No information. If Gabby had ever existed down here, no one would admit it.
I went from bar to bar, moving through the seedy haunts of the night people. One was as the next, brainchildren of a single warped decorator. Ceilings were low, and walls cinder block. All painted with Day-Glo murals, or covered with fake bamboo or cheap wood. Dark and dank, they smelled of stale beer, smoke, and human sweat. In the better ones, the floors were dry and the toilets flushed.
Some bars had raised platforms on which strippers writhed and slithered, their teeth and G-strings glowing purple in the black lights, their faces fixed in boredom. Men in tank tops and five o’clock shadows drank beer from bottles and watched the dancers. Imitation elegant women sipped cheap wine, or nursed soft drinks disguised to look like highballs, rousing themselves to smile at passing men, hoping to lure a trick. Aiming for seductive, they looked mostly tired.
The saddest were the women at the borders of this flesh trade life, those just crossing the start and finish lines. There were the painfully young, some still flying the colors of puberty. Some were out for fun and a quick buck, others were escaping some private hell at home. Their stories had a central theme. Hustle long enough to make a stake, then on to a respectable life. Adventurers and runaways, they’d arrive by bus from Ste. Thérèse and Val d’Or, from Valleyfield and Pointe-du-Lac. They came with gleaming hair and fresh faces, confident of their immortality, certain of their ability to control the future. The pot and the coke were just a lark. They never recognized them as the first rungs on a ladder of desperation until they were too high up to get off except by falling.

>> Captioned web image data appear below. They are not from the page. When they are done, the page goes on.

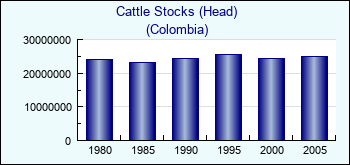 Colombia. Cattle Stocks (Head)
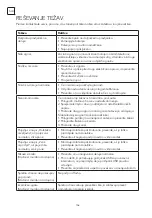 Preview for 156 page of Tesla 43S903SUS Quick Start Manual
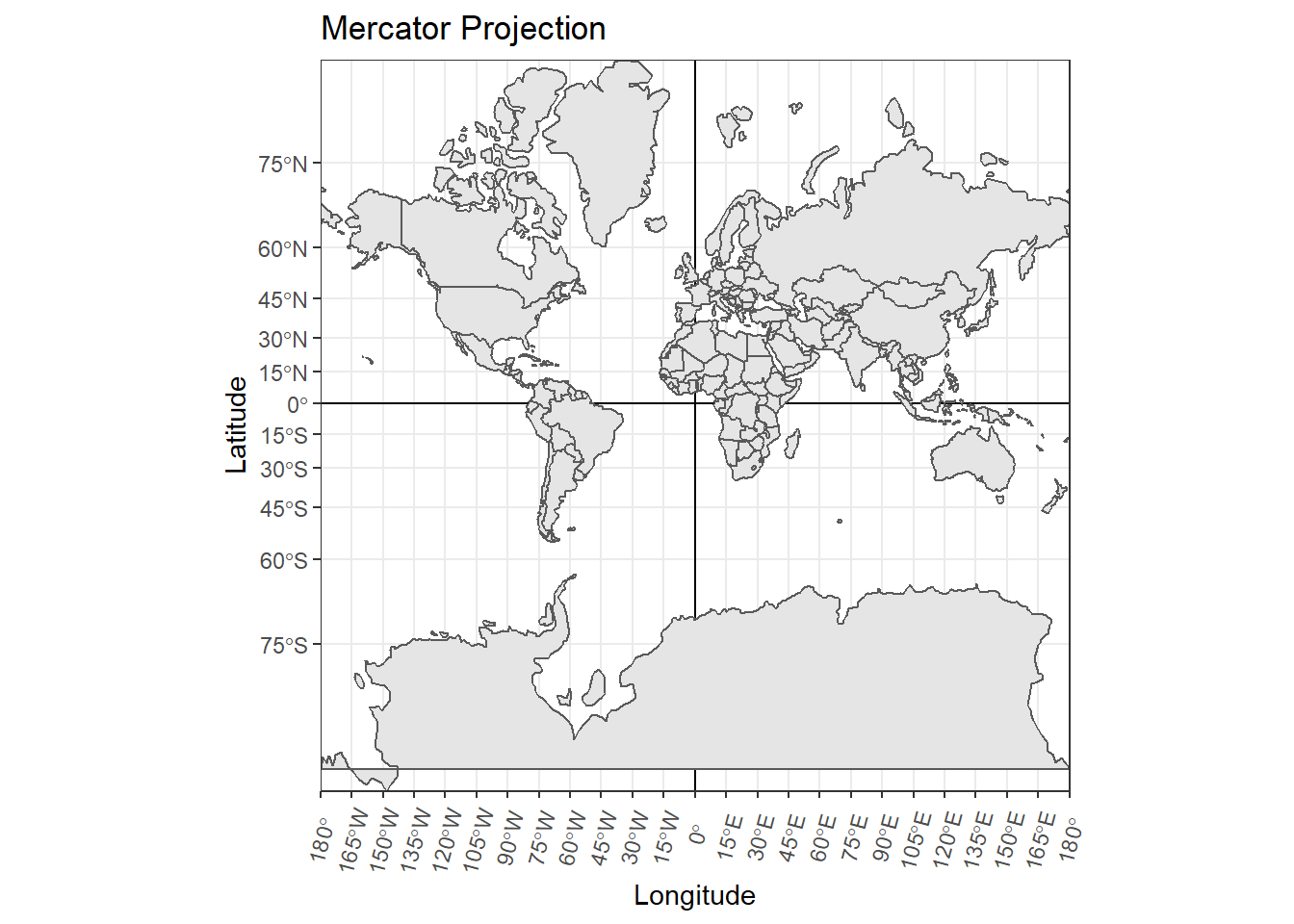 Mercator projection.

Then there were those who’d managed to grow old. Only the truly canny and exceptionally strong had prospered and gotten out. The ill and weak were dead. The strong-bodied but weak-willed endured. They saw the future, and accepted it. They would die in the streets because they knew nothing else. Or because they loved or feared some man enough to peddle ass to buy his dope. Or because they needed food to eat and a place to sleep.
I appealed to those entering or those leaving the sisterhood. I avoided the senior generation, the hardened and street smart, still able to rule their patches just as they in turn were ruled by their pimps. Perhaps the young, naive and defiant, or the old, jaded and spent, might be more open. Wrong. In bar after bar they turned away from me, allowing my questions to dissolve into the smoky air. The code of silence held. No access to strangers.
By three-fifteen I’d had it. My hair and clothes smelled of tobacco and reefer, and my shoes of beer. I’d downed enough Sprite to reclaim the Kalahari, and my eyes were seeded with gravel. Leaving yet another loony on yet another bar, I gave up.
19
THE AIR HAD THE TEXTURE OF DEW. A MIST HAD RISEN FROM THE river, and tiny droplets sparkled like glitter in the streetlights. The chill and damp felt good against my skin. A knot of pain between my neck and shoulder blades made me suspect I’d been tensed for hours, coiled and ready to bolt. Maybe I had been. If so, the tension came only in part from my search for Gabby. Approaching the hookers had grown routine. So had their rejection. Fending off the cruisers and the gropers had become a reflex response.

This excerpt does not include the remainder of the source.